A team of astronomers at the University of Warwick recently confirmed the fastest spinning white dwarf named J0240+1952.
Context
A team of astronomers at the University of Warwick recently confirmed the fastest spinning white dwarf named J0240+1952.
About J0240+1952
- The white dwarf named LAMOST J024048.51+195226.9 – or J0240+1952 for short is an extremely rare example of a magnetic propeller system.
- It has been found to complete a full rotation once every 25 seconds.
- It is the fastest spinning confirmed white dwarf.
- With such a record-breaking spin rate, the star is the second high-speed magnetic propeller.
- The star J0240+1952 is similar to Earth but is thought to be at least 200,000 times more massive.
- The data suggests that the star is part of the binary star system. Its immense gravity is pulling material in the form of plasma from its companion star.
What are white dwarf stars?
- White dwarf stars have medium to high mass and are the final evolutionary state of stars whose mass is not high enough to become a neutron star.
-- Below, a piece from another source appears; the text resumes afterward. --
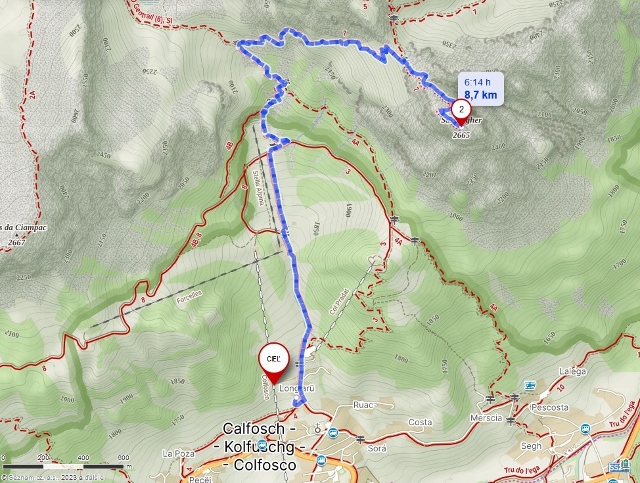 Dolomity VI Sassongher a Le Ciaval Dolomity VI piatok 9 jún 2023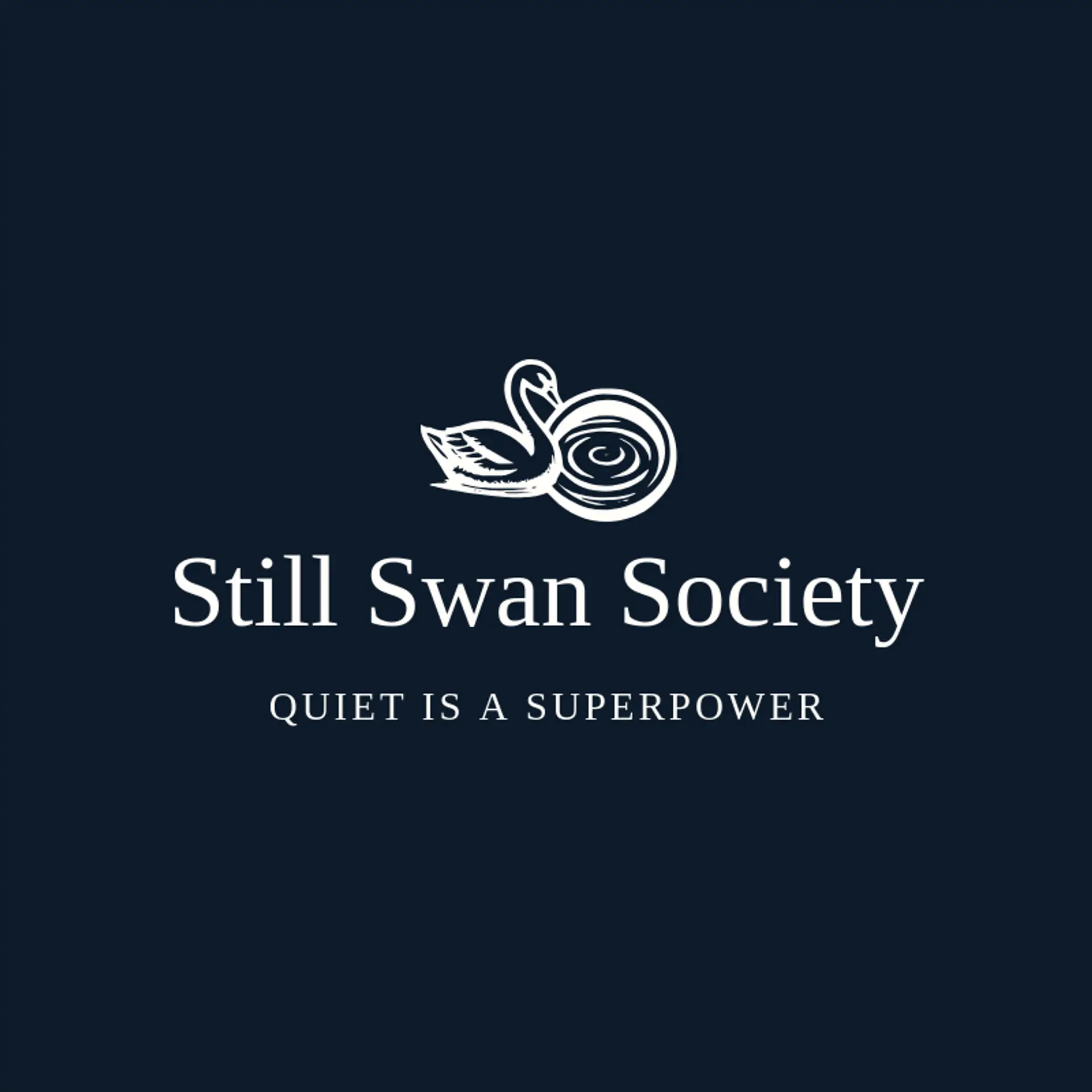 Still Swan Society logo for swan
- White dwarf stars are stars that have burnt up all their energy and shed its outer layers and now are undergoing a cooling or shrinking process over million of years.
- The materials in a white dwarf star can no longer undergo fusion reactions, so the star has no source of energy.
- White dwarfs are the hot, dense remnants of long-dead stars. They are the stellar cores left behind after a star has exhausted its fuel supply and blown its bulk of gas and dust into space.
- These exotic objects mark the final stage of evolution for most stars in the universe – including our sun – and light the way to a deeper understanding of cosmic history.